El panorama fiscal de Colombia se enfrenta a un nuevo punto de inflexión. Tras el reciente fallo de la Corte Constitucional, que declaró inexequible el decreto de emergencia económica emitido en diciembre pasado, el presidente Gustavo Petro anunció que presentará ante el Congreso un tercer proyecto de reforma tributaria.
El mandatario defendió la urgencia de obtener nuevos recursos y propuso una hoja de ruta centrada en la reducción de las tasas de interés como motor para reactivar la producción nacional y estabilizar las finanzas públicas.

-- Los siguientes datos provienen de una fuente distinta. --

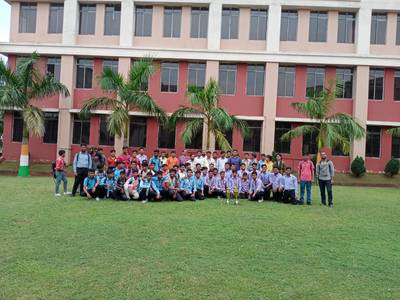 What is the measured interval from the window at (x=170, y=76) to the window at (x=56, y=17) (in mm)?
6366

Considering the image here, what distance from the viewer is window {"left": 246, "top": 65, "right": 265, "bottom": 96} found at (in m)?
24.2

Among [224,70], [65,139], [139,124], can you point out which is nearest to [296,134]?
[224,70]

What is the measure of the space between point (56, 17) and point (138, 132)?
8.03 m

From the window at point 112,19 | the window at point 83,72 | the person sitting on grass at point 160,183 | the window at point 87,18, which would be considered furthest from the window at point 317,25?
the person sitting on grass at point 160,183

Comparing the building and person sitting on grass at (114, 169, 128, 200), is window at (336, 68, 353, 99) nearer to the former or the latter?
the building

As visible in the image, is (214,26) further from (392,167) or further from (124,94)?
(392,167)

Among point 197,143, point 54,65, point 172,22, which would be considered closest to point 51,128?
point 54,65

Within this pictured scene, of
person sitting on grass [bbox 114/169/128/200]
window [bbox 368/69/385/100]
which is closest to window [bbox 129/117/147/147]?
person sitting on grass [bbox 114/169/128/200]

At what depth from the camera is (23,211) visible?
32.6 ft

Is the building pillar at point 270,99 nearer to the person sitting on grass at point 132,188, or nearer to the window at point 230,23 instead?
the window at point 230,23

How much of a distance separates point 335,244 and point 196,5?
19432mm

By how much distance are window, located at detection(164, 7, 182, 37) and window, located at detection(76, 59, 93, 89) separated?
15.2ft

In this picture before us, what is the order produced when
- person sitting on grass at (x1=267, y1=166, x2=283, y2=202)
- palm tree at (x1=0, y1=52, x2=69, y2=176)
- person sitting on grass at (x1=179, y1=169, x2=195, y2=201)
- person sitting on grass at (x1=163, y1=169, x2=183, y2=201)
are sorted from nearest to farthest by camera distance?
person sitting on grass at (x1=163, y1=169, x2=183, y2=201)
person sitting on grass at (x1=179, y1=169, x2=195, y2=201)
person sitting on grass at (x1=267, y1=166, x2=283, y2=202)
palm tree at (x1=0, y1=52, x2=69, y2=176)

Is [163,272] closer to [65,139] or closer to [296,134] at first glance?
[296,134] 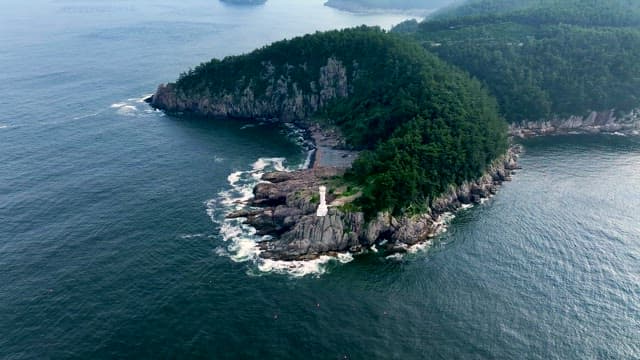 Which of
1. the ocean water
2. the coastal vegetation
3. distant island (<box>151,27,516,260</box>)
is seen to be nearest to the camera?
the ocean water

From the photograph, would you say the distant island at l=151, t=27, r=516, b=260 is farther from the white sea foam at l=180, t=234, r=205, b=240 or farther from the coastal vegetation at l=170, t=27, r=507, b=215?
the white sea foam at l=180, t=234, r=205, b=240

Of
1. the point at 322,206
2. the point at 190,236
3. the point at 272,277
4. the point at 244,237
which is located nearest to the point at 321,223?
the point at 322,206

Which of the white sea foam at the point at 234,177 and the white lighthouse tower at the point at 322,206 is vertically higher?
the white lighthouse tower at the point at 322,206

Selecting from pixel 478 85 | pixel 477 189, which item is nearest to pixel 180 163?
pixel 477 189

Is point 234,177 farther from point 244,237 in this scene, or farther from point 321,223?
point 321,223

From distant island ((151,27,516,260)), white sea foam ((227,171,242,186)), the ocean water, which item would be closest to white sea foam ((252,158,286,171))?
the ocean water

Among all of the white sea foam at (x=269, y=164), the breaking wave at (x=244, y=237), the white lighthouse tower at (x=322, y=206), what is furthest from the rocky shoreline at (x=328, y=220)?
the white sea foam at (x=269, y=164)

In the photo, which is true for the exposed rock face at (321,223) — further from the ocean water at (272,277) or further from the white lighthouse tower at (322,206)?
the ocean water at (272,277)

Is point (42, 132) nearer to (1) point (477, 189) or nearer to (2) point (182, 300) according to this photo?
(2) point (182, 300) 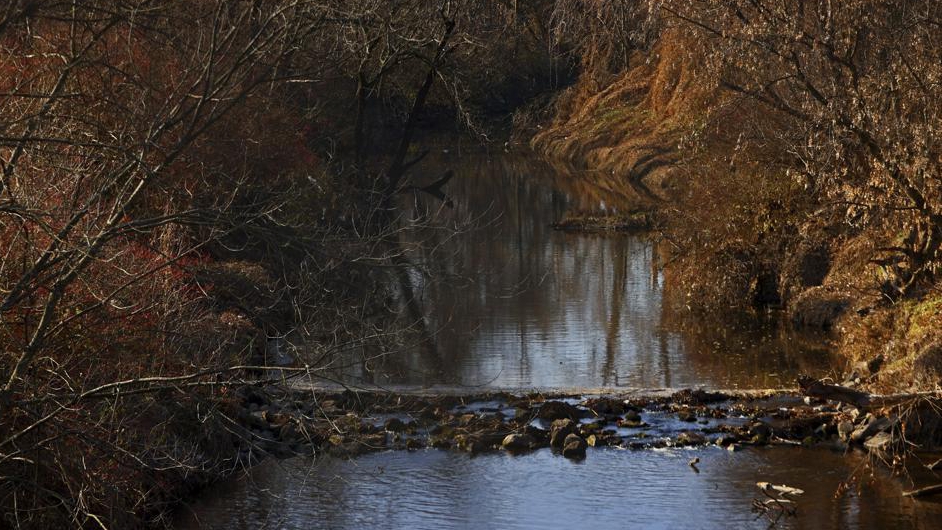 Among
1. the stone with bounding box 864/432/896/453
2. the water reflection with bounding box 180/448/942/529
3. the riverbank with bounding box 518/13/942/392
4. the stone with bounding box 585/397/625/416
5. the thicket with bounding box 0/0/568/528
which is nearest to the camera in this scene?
the thicket with bounding box 0/0/568/528

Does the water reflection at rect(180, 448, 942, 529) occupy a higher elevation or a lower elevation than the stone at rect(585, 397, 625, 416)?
lower

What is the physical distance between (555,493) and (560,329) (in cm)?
779

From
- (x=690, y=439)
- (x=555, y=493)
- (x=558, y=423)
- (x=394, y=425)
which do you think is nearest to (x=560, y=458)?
(x=558, y=423)

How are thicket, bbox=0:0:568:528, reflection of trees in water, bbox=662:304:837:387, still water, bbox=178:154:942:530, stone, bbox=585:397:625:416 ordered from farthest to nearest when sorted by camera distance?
reflection of trees in water, bbox=662:304:837:387 < stone, bbox=585:397:625:416 < still water, bbox=178:154:942:530 < thicket, bbox=0:0:568:528

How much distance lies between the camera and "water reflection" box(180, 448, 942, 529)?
450 inches

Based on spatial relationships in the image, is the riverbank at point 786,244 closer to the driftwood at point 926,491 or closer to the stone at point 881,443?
the stone at point 881,443

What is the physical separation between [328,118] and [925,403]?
18.0 meters

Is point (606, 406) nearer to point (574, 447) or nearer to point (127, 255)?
point (574, 447)

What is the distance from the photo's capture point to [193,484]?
12.1 meters

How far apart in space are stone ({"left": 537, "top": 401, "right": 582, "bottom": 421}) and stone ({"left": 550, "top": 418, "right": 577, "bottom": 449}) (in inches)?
13.9

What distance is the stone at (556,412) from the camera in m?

Panorama general: La decisión del alto tribunal, que tumbó el Decreto 1390 de 2025 con una votación de seis a dos, deja sin efecto las medidas con las que el Ejecutivo pretendía recaudar cerca de $11 billones de pesos. Esta emergencia había sido el «plan B» del Gobierno tras el hundimiento de la Ley de Financiamiento a finales del año pasado.
Ante el fallo, Petro fue enfático en que la Corte ignoró las advertencias sobre una crisis fiscal inminente. Según el jefe de Estado, la declaratoria de emergencia era necesaria para captar recursos provenientes exclusivamente de los sectores más acaudalados de la población.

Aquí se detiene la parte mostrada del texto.